• EXERCISE REQUIREMENTS: An exact reproduction of the data below is the required answer.

• INPUT FOR THIS TASK:
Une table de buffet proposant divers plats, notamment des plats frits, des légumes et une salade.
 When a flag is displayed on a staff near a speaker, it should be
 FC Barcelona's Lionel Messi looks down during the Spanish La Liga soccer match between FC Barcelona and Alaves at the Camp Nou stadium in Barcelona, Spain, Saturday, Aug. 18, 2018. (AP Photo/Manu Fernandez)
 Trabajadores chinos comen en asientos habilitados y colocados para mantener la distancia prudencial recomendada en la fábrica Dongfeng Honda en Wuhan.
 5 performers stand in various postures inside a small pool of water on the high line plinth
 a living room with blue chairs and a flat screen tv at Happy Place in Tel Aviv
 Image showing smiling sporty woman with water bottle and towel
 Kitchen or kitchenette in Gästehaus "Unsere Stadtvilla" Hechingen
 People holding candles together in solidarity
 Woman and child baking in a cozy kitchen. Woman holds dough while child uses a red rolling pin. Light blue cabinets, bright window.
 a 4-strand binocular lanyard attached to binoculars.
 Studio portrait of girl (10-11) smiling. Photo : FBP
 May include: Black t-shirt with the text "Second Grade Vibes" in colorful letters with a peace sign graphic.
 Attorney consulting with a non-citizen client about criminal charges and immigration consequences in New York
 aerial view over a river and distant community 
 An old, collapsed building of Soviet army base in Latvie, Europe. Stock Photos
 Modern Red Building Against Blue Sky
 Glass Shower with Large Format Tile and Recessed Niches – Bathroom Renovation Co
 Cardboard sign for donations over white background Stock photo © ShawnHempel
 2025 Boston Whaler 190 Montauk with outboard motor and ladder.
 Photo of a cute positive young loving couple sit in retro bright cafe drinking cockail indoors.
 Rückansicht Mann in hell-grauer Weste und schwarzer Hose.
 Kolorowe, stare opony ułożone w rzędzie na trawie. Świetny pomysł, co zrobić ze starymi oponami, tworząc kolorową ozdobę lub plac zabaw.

• RESPONSE:
Une table de buffet proposant divers plats, notamment des plats frits, des légumes et une salade.
 When a flag is displayed on a staff near a speaker, it should be
 FC Barcelona's Lionel Messi looks down during the Spanish La Liga soccer match between FC Barcelona and Alaves at the Camp Nou stadium in Barcelona, Spain, Saturday, Aug. 18, 2018. (AP Photo/Manu Fernandez)
 Trabajadores chinos comen en asientos habilitados y colocados para mantener la distancia prudencial recomendada en la fábrica Dongfeng Honda en Wuhan.
 5 performers stand in various postures inside a small pool of water on the high line plinth
 a living room with blue chairs and a flat screen tv at Happy Place in Tel Aviv
 Image showing smiling sporty woman with water bottle and towel
 Kitchen or kitchenette in Gästehaus "Unsere Stadtvilla" Hechingen
 People holding candles together in solidarity
 Woman and child baking in a cozy kitchen. Woman holds dough while child uses a red rolling pin. Light blue cabinets, bright window.
 a 4-strand binocular lanyard attached to binoculars.
 Studio portrait of girl (10-11) smiling. Photo : FBP
 May include: Black t-shirt with the text "Second Grade Vibes" in colorful letters with a peace sign graphic.
 Attorney consulting with a non-citizen client about criminal charges and immigration consequences in New York
 aerial view over a river and distant community 
 An old, collapsed building of Soviet army base in Latvie, Europe. Stock Photos
 Modern Red Building Against Blue Sky
 Glass Shower with Large Format Tile and Recessed Niches – Bathroom Renovation Co
 Cardboard sign for donations over white background Stock photo © ShawnHempel
 2025 Boston Whaler 190 Montauk with outboard motor and ladder.
 Photo of a cute positive young loving couple sit in retro bright cafe drinking cockail indoors.
 Rückansicht Mann in hell-grauer Weste und schwarzer Hose.
 Kolorowe, stare opony ułożone w rzędzie na trawie. Świetny pomysł, co zrobić ze starymi oponami, tworząc kolorową ozdobę lub plac zabaw.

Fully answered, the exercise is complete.